Exercise goal: Find each line in the records below that contains the word "data", and copy it out.

Input material:
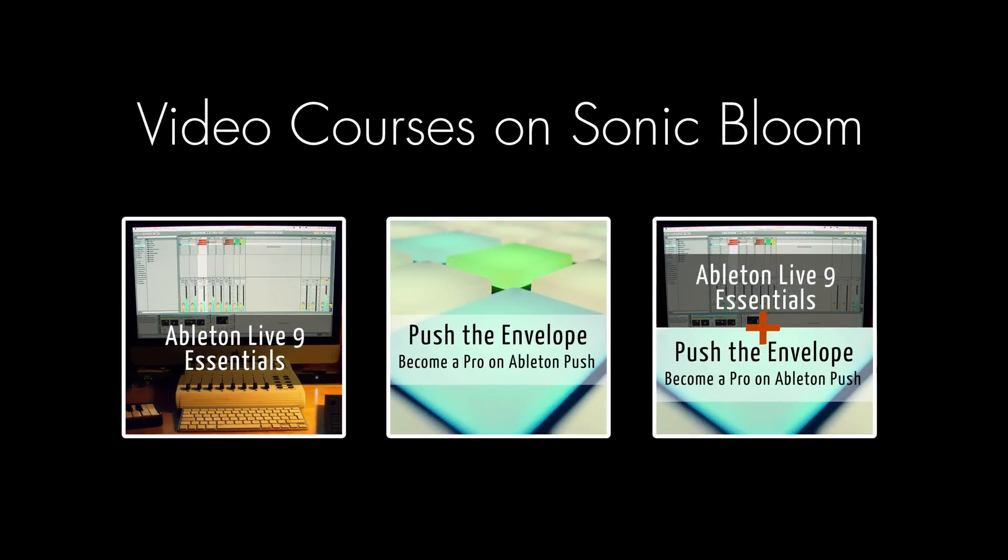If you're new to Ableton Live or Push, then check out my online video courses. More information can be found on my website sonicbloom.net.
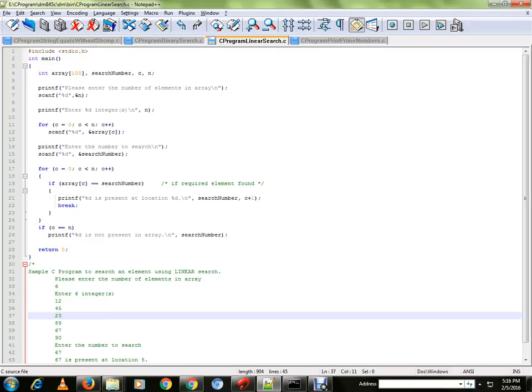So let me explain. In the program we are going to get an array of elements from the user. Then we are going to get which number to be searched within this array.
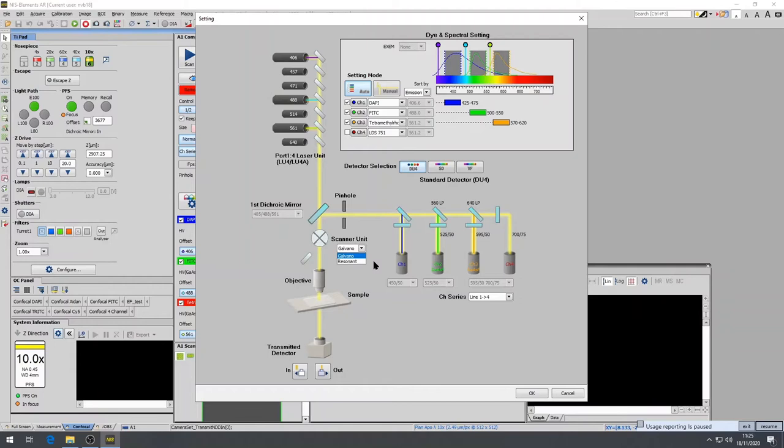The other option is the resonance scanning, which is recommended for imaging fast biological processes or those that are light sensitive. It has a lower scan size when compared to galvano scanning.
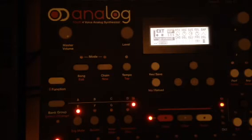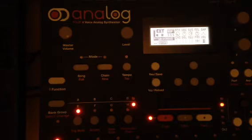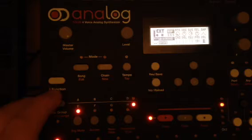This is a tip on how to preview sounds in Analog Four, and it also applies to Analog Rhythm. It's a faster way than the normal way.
---
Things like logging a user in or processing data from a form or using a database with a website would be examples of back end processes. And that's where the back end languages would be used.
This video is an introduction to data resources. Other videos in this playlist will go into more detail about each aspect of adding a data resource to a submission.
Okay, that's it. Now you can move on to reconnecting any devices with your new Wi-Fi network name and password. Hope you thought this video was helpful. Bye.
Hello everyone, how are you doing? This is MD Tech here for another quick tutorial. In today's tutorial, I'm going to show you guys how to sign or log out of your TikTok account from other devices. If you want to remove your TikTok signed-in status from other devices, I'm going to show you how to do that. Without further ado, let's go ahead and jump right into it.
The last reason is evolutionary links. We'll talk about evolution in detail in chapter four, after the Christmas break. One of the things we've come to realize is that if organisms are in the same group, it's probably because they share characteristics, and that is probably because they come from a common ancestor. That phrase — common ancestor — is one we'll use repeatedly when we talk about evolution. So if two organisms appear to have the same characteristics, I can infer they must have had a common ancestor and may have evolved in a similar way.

Task solution:
Things like logging a user in or processing data from a form or using a database with a website would be examples of back end processes. And that's where the back end languages would be used.
This video is an introduction to data resources. Other videos in this playlist will go into more detail about each aspect of adding a data resource to a submission.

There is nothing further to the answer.